Esses fortes investimentos de capital seriam o último sinal que os grandes bancos estão promovendo uma rápida recapitalização para estabilizar seus cambaleantes alicerces financeiros, prejudicados pela crise de crédito que afeta o setor.
A busca de injeções de capital estrangeiro acontece após o revezamento da cúpula de ambas as instituições financeiras --duas das grandes vítimas da crise em Wall Street-- depois da renúncia no último trimestre de 2007 do executivo-chefe do Citigroup, Charles Prince, e do Merrill Lynch, Stan O'Neal.
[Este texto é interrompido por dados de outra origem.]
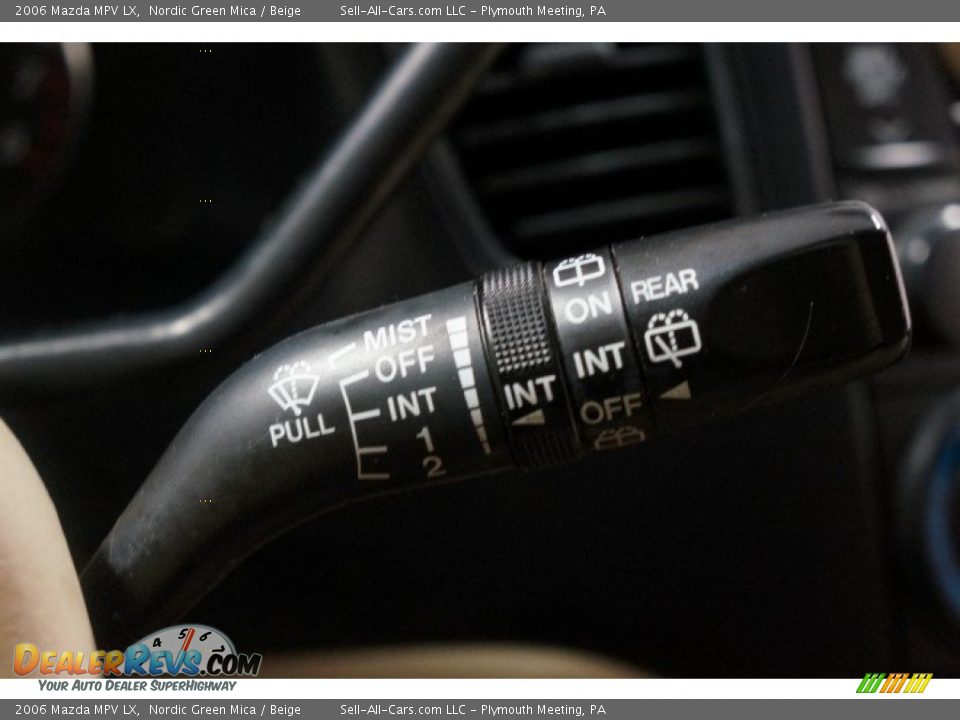 Controls of 2006 Mazda MPV LX Photo #22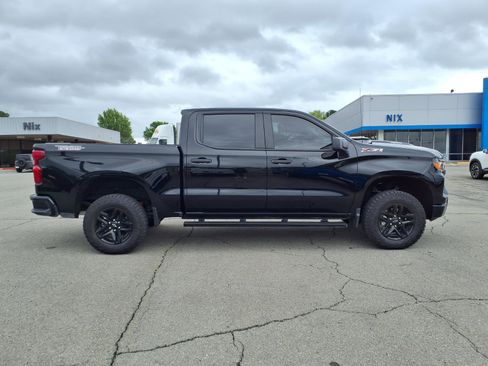 Used 2025 Chevrolet Silverado 1500 Custom Trail Boss image 18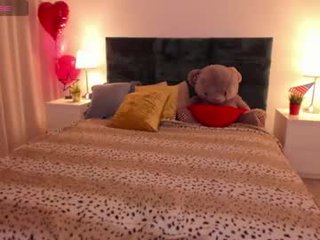 blondidi blonde cam girl gets her ass stuffed with huge dick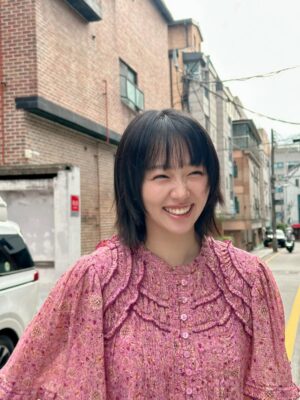 Jin Ki-joo Instagram - 신남💃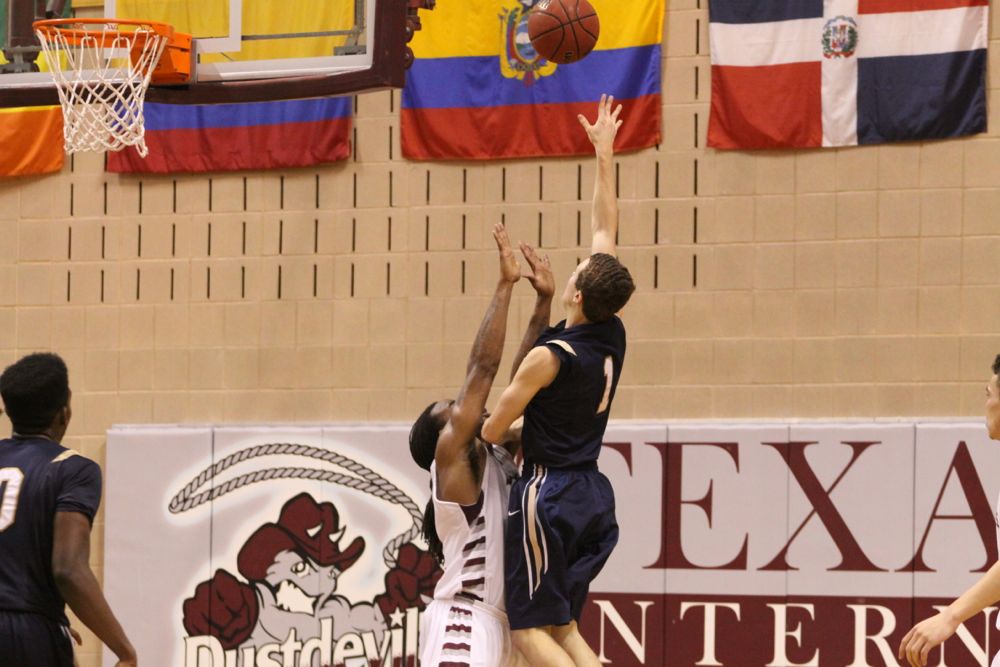 TAMIU BB v StEd - 560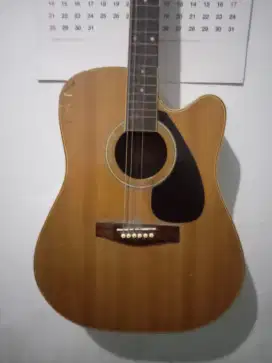 Di jual gitar akustik merk rock x 777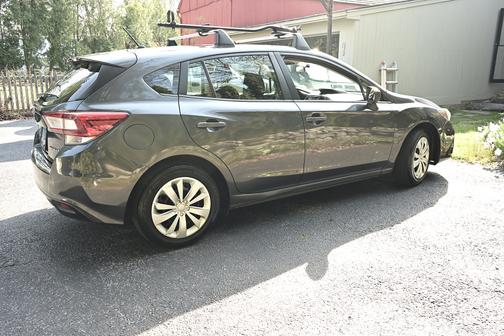 2019 Subaru Impreza 2.0i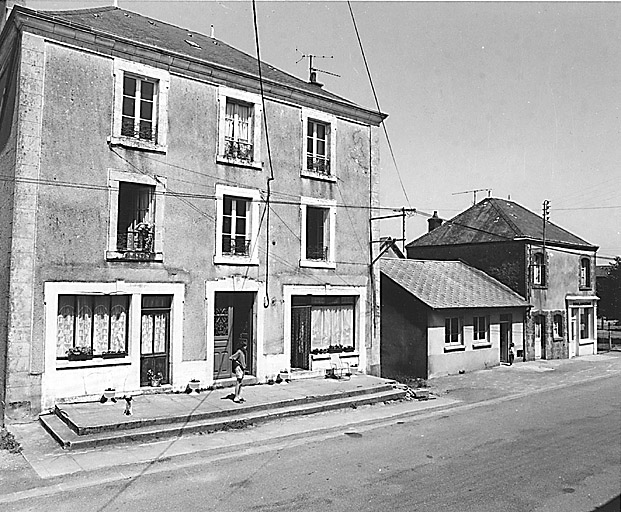 Vue partielle d'une rue et d'un immeuble dont le rez-de-chaussée était occupé par deux boutiques (section A3 parcelle 1475).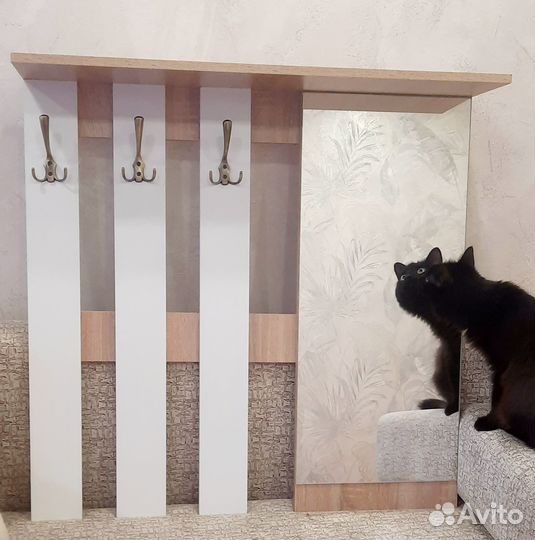 Вешалка настенная в прихожую бу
Tanto Vikram Pandit, novo executivo-chefe do Citigroup, como John Thain, seu colega do Merrill Lynch, buscam novas injeções adicionais de capital, para o que recorreram a fundos de investimento de governos estrangeiros.
"The Wall Street Journal" assegura que ambas as entidades financeiras esperam chegar a um acordo antes que apresentem na semana que vem seus resultados empresariais do último trimestre, quando se espera que anunciem perdas multimilionárias relacionadas com a dívida respaldada por hipotecas.
Por enquanto, os governos estrangeiros investiram um total de US$ 27 bilhões no Merrill Lynch, Citigroup, UBS e Morgan Stanley, segundo o periódico.